Voilà le texte Segond , replacé dans le contexte :


10. La Parole était dans le monde, et le monde a été fait par elle ; mais le monde ne l’a pas connue.
11. Elle est venue chez les siens, et les siens ne l’ont point reçue.
12. Mais à tous ceux qui l’ont accueillie  elle a donné le pouvoir de devenir enfants de Dieu, à tous ceux qui croient en son nom…
13. …qui sont nés de Dieu.

 

Comparons les traductions : Calvin ajoute : « Dieu le Père a donné », remplace « la Parole » par « son Fils unique », remplace « le pouvoir » par « ce privilège et ce cadeau parfaits », « devenir » par « faits ».

 

Une unitarienne prend les paroles de Jean comme on prend une vision, aux contours flous, et symboliques.

 

Pour moi, aux versets 10 et 11, La Parole, c’est ce qui traduit le mot « Esprit », fait chair, c’est à dire écriture, langage, parole.

 

A ce moment-là, ce mot prend une large ampleur poétique, des résonances nouvelles.

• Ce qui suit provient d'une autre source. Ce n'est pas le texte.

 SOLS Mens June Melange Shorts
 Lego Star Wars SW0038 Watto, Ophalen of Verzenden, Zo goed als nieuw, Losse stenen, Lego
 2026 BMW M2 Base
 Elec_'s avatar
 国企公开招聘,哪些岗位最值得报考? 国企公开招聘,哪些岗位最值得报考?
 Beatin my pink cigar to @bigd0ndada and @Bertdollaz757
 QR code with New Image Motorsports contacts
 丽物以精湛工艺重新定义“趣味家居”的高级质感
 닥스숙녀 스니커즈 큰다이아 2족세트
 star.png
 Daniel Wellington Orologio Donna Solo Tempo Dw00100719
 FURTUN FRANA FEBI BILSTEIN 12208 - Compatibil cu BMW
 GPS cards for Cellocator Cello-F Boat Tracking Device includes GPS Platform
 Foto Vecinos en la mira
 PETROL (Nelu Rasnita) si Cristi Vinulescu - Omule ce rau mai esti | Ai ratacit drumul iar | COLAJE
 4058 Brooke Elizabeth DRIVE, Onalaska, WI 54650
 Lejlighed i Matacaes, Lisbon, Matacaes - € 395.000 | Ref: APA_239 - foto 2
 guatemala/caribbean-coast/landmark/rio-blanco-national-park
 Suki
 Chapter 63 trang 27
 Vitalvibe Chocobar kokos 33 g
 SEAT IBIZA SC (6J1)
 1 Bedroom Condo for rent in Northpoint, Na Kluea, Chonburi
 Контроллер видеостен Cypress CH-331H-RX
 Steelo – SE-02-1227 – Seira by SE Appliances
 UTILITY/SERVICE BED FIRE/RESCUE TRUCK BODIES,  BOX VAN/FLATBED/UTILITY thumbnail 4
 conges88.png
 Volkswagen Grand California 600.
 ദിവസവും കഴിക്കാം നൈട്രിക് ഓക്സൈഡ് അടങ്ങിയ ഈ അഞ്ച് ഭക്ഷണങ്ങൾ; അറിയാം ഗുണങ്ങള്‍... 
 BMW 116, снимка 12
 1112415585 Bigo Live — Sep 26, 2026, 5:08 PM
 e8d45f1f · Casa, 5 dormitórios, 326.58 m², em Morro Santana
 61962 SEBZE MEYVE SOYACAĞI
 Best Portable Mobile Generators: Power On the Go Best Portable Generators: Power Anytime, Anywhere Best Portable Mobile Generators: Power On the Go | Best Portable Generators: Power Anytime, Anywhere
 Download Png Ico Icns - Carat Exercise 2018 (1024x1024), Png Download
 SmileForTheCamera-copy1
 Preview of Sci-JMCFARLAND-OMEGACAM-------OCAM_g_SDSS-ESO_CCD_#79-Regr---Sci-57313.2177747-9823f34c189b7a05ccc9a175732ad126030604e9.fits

Il va directement à son essence. Les hommes sont sourds à l’appel du bien, du beau, du vrai, de l’un.

 

« le pouvoir » : en effet, ce n’est pas un cadeau automatique (le sacrifice expiatoire !), c’est un choix, un chemin ardu, personnel, indépendant, long, comme celui de la plante qui se dirige vers toujours plus de lumière. L’homme « peut » le choisir, mais en toute liberté, il « peut » aussi le refuser. Dieu le Père n’a rien donné du tout, sauf son Esprit, qui indique le chemin possible vers lui pour ceux qui ont la foi. Mais alors…le mérite ? C’est parce que l’on a la foi que l’on s’engage dans ce chemin, au bout duquel il y a un Juge, et aussi un Père qui aidera le croyant tout au long du chemin, s’il est fidèle jusqu’au bout, qui le regénèrera.

 

Le Fils unique[1] : Pour une unitarienne Jésus est créé, non engendré, comme ses frères. Il n’est unique que par sa valeur qui le place bien au-dessus de ses frères.

 

Le « devenir enfants de Dieu » est plus juste à mon sens que  « être faits enfants de Dieu » :

 

Comme nous venons de le voir, pour le croyant, parcourir le chemin, avec fidélité, se fait dans le temps ; Jésus, dans les Evangiles, a pris progressivement conscience de son envergure ; le croyant « devient progressivement enfant de Dieu » ; ce n’est pas par « un coup de baguette magique » ( par un meurtre, non voulu par Jésus-Christ à aucun moment de son séjour à Jérusalem avant sa crucifixion, même s’il a pris "le grand risque",  par amour pour sa création, d’aller la présenter à Jérusalem, la ville sainte juive ) que le croyant est sauvé.

 

L’amour de Dieu : Psaumes 27. 10 ;Esaïe 49. 15 ;  63. 16 ; II Timothée 2. 13 ; Mt 7. 11

 

 

 

 

 

 

 

 

 

 

 

 

 



[1] J’ai longuement débattu de cette question, pp 74 à 84, dans mon « Etude des Evangiles », L’Harmattan 2006, Paris, collection « chrétiens autrement ».